TORINO. È stato il maestro Bruno Baudissone, musicista, giornalista e critico musicale torinese, a farmi conoscere e a parlarmi di Tancredi Pasero (Torino, 1893 – Milano 1983), una delle figure di maggior spicco della storia della lirica internazionale. Un artista piemontese del bel canto che ha calcato i palcoscenici di mezzo mondo. È sempre un piacere ascoltare Baudissone, dotato di un’eccellente dialettica ed abile affabulatore. Ma è soprattutto la sua vasta cultura in campo musicale, e della lirica in particolare – che ne fa un esperto in questo settore – a renderne magnetico l’ascolto; e poi da lui c’è sempre qualcosa di nuovo e di curioso da scoprire.
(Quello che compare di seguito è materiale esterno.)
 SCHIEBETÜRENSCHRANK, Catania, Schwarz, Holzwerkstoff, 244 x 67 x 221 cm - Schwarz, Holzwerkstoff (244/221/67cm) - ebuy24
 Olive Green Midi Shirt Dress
Questo, più o meno, è il racconto che mi ha fatto di Tancredi Pasero, ricordando il giorno in cui, in veste di intervistatore di questo famoso cantante lirico piemontese, fu ricevuto a casa sua, qualche anno prima della scomparsa dell’artista: «La cameriera mi fece accomodare familiarmente in cucina, perché Tancredi Pasero – che aveva compiuto da poco ottantasette anni – non aveva più le gambe sicure e preferiva rimanere al suo posto abituale, di fianco all’adorata moglie Libusé, sofferente da sei anni in seguito a una trombosi. “Le chiedo scusa – mi disse il vecchio cantante – se non sono venuto ad accoglierla meglio, ma le mie gambe si sono fermate e il sangue non circola più come prima. Lei è di Roma?” Risposi che ero di Torino. “Ah, s’a l’é turinèis, alora ’s capioma mej” (Ah, se è torinese, allora ci capiamo meglio, ndr) – mi rispose. 
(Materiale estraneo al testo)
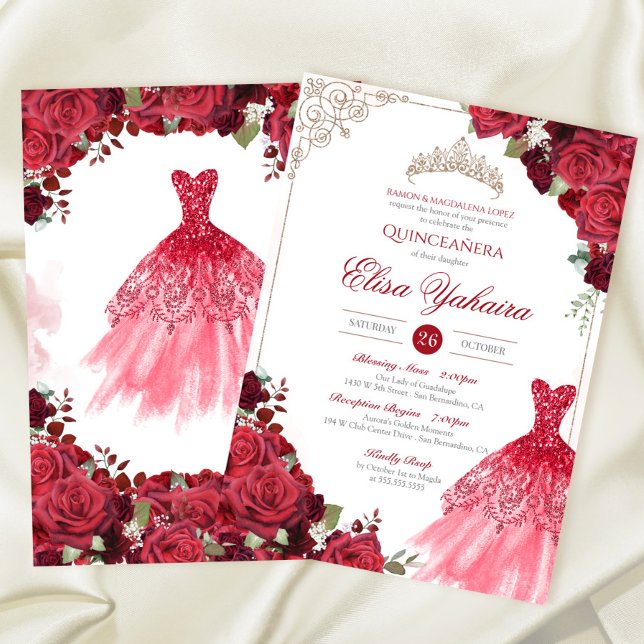 Invitación Rosa Borgoña Rojo Elegante Sparkle Quinceanera (Subido por el creador)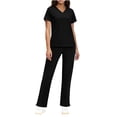 thumbnail image 2 of Scrub Sets for Woman Plus Size Short Sleeve V-Neck Solid Color Nursing Medical Uniform Top and Pants 2 Pieces with Pockets Black XL, 2 of 8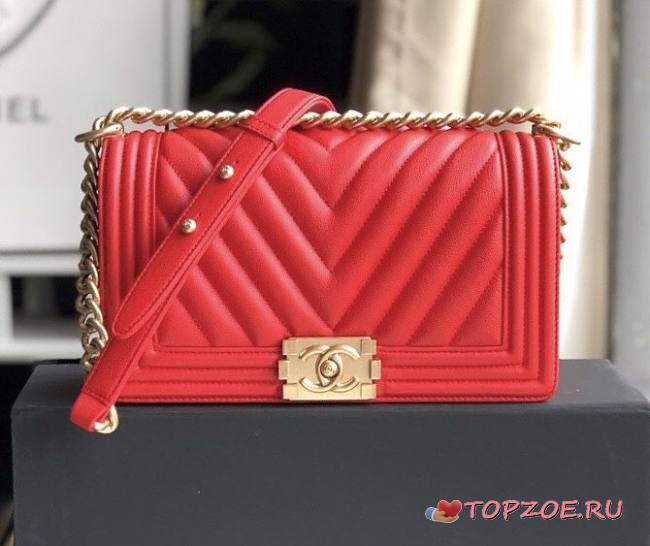 CHANEL CHEVRON BOY BAG RED A67086 SIZE 25 x 15 x 7 CM - 1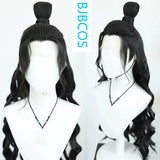 [Styled Wig]Li Yu Cosplay Full Lace Wig Game Anime Long Black Curly High Bun Hair Versatile Wig Set Halloween Carnival Party Wig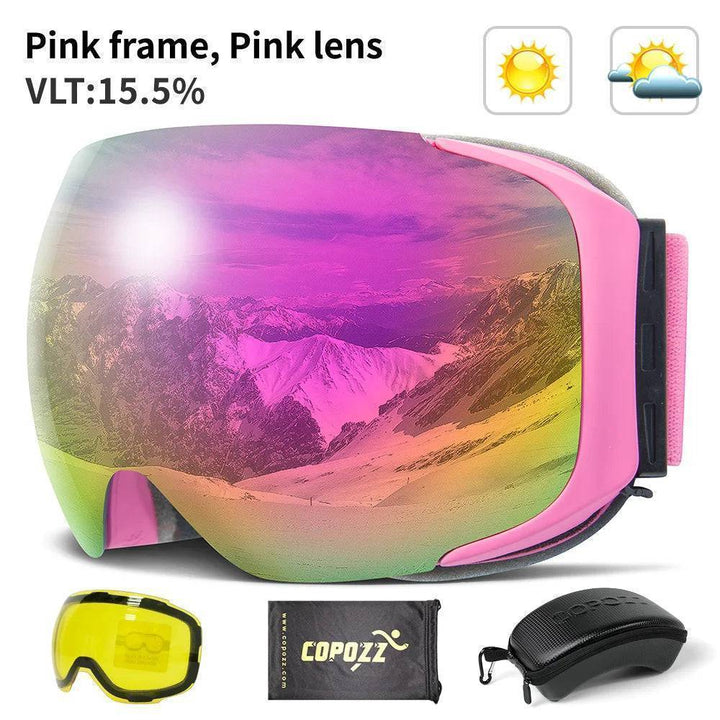 Collection of magnetic ski goggles in various colors, all with UV400 protection
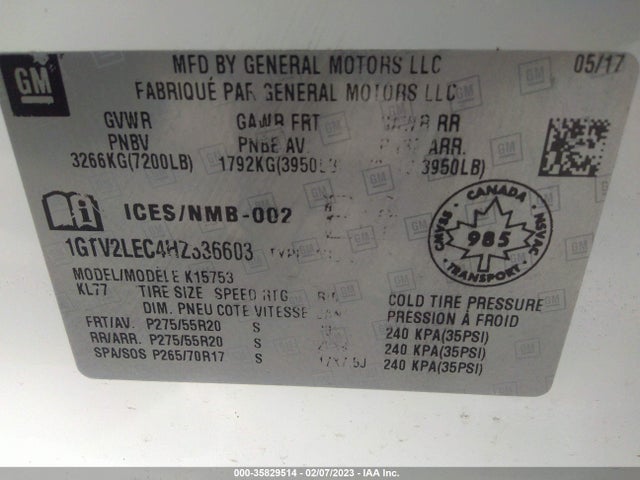 GMC SIERRA 1500 2017 1GTV2LEC4HZ336603 Image 10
Poi gli chiesi se si ricordava degli anni della sua infanzia a Torino. “Perdinci, se mi ricordo! Quando ero bambino, ero solista nella Chiesa di San Tommaso, in via Pietro Micca, e insegnavo agli altri bambini a cantare la Messa. Allora il parroco, visto che avevo una bella voce, ha mandato a chiamare mia madre e le ha detto: – Perché non fa studiare musica a questo ragazzo? Mia madre mi ha affittato un pianoforte e così ho studiato due anni col maestro Crespi”.

Il maestro Bruno Baudissone

Mi disse che per alcuni mesi aveva avuto come maestro di canto Arturo Pessina, un grande baritono torinese. Ma che poi dovette partire per il fronte nella Grande Guerra ed interrompere la pratica del canto.  “Quando tornai dalla Guerra – continuò – frequentavo la famosa ‘tampa lirica’ di via Mazzini dove tutte le sere noi dilettanti ci esibivamo, accompagnati da un pianista. Io cantavo sempre per ultimo perché – così almeno dicevano i miei amici – ero quello che cantava meglio. Una sera il cameriere mi disse che due signori avevano bisogno di parlarmi. Sono andato a sentire cosa volevano e così, a bruciapelo, mi chiesero: – Lei se la sentirebbe di cantare domani sera nell’ ”Aida”? Cantare l’Aida! Io non avevo la più pallida idea di quest’Aida. Comunque ho risposto: -– In ogni caso, se c’è da cantare, io canto. Ho capito poi dopo che uno di quei due tizi era il proprietario del Teatro Chiarella (N.d.R.: aveva sede a Torino in Via Principe Tommaso 6, e venne distrutto da un bombardamento il 20 Novembre del 1942). L’altro era il maestro Del Cupolo.”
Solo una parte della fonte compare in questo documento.